Writing down the loans will reduce the bank's 2013 net income by $235 million, bringing the previously reported total to $13.91 billion, the bank said in a statement.
Citigroup said it believes at this point that the incident was an isolated episode.
The bad loans were made to Oceanografia SA de CV, a Mexican oil services company that is a contractor for the nation's state-owned oil company, Pemex. Oceanografia is in the middle of a corruption probe in Mexico.
Oceanografia borrowed from Citigroup's Mexican unit, Banco Nacional de Mexico or Banamex, using expected payments from Pemex as collateral.
Banamex discovered in a recent review that Oceanografia appeared to have falsified invoices to Pemex that were collateral for loans, Citigroup Chief Executive Michael Corbat said in a separate memo to employees. The bank wrote down about $400 million of loans backed by the bogus invoices.
On Feb. 11, Oceanografia was suspended from receiving government contracts for 21 months and 12 days. Oceanografia says that 97 percent of its revenues are from Pemex.
Corbat said in the statement that Banamex has "worked with Mexico's attorney general to initiate criminal actions" over the matter and that it is exploring legal options. Criminal actions "may allow us to recover damages," Corbat said.
In the memo to employees, Corbat noted that a Banamex employee had processed the fraudulent invoices, and that it is "not clear how many people were involved in the fraud."
"I can assure you there will be accountability for those who perpetrated this despicable crime and any employee who enabled it, either through lax supervision, circumvention of our controls or violating our Code of Conduct," Corbat said.
Mexico's attorney general's office was due to hold a news conference about Oceanografia on Friday. Pemex said it will also participate.
Citigroup shares have fallen in recent weeks on concerns that slowing growth in emerging markets may reveal bad loans, as well as increase the risk of trading losses.
In the third quarter of 2013 problems with about $300 million of loans that Banamex had made to three Mexican homebuilders prompted Citigroup to book reserves for expected losses on the loans.
Citigroup is the third-largest U.S. bank by assets. The company views its international business as a competitive advantage over other big banks in the United States.

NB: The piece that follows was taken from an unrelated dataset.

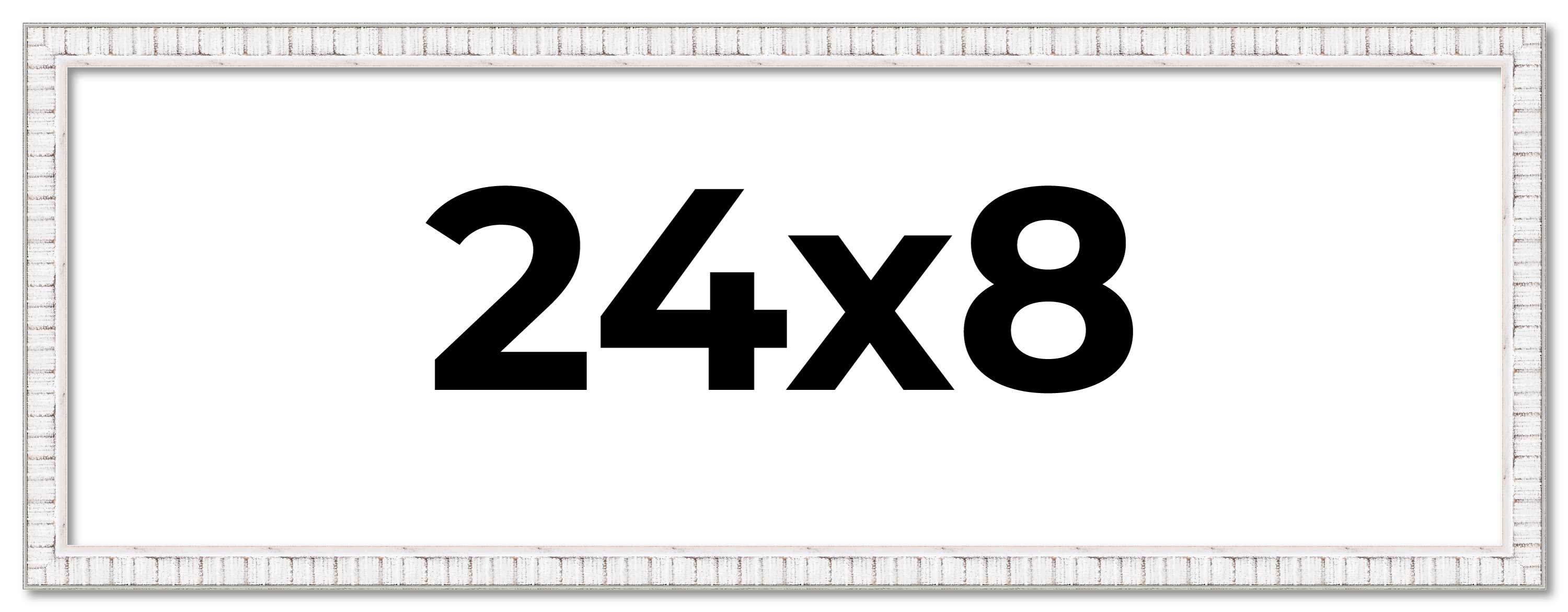 24x8 Frame White Real Wood Picture Frame Width 0.75 inches | Interior Frame Dept main product image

The bank said it estimates that it is able to validate $185 million of the $585 million of accounts receivable. Citigroup said it is charging the $400 million difference to operating expenses in its previously-announced fourth-quarter results. The total pre-tax expense is $360 million after adjusting Banamex compensation expense by $40 million, the statement said.
Citigroup said it has not determined if it faces losses on another $33 million for outstanding loans made directly to Oceanografia and letters of credit issued for the company.
Citigroup shares rose 0.4 percent to $48.90.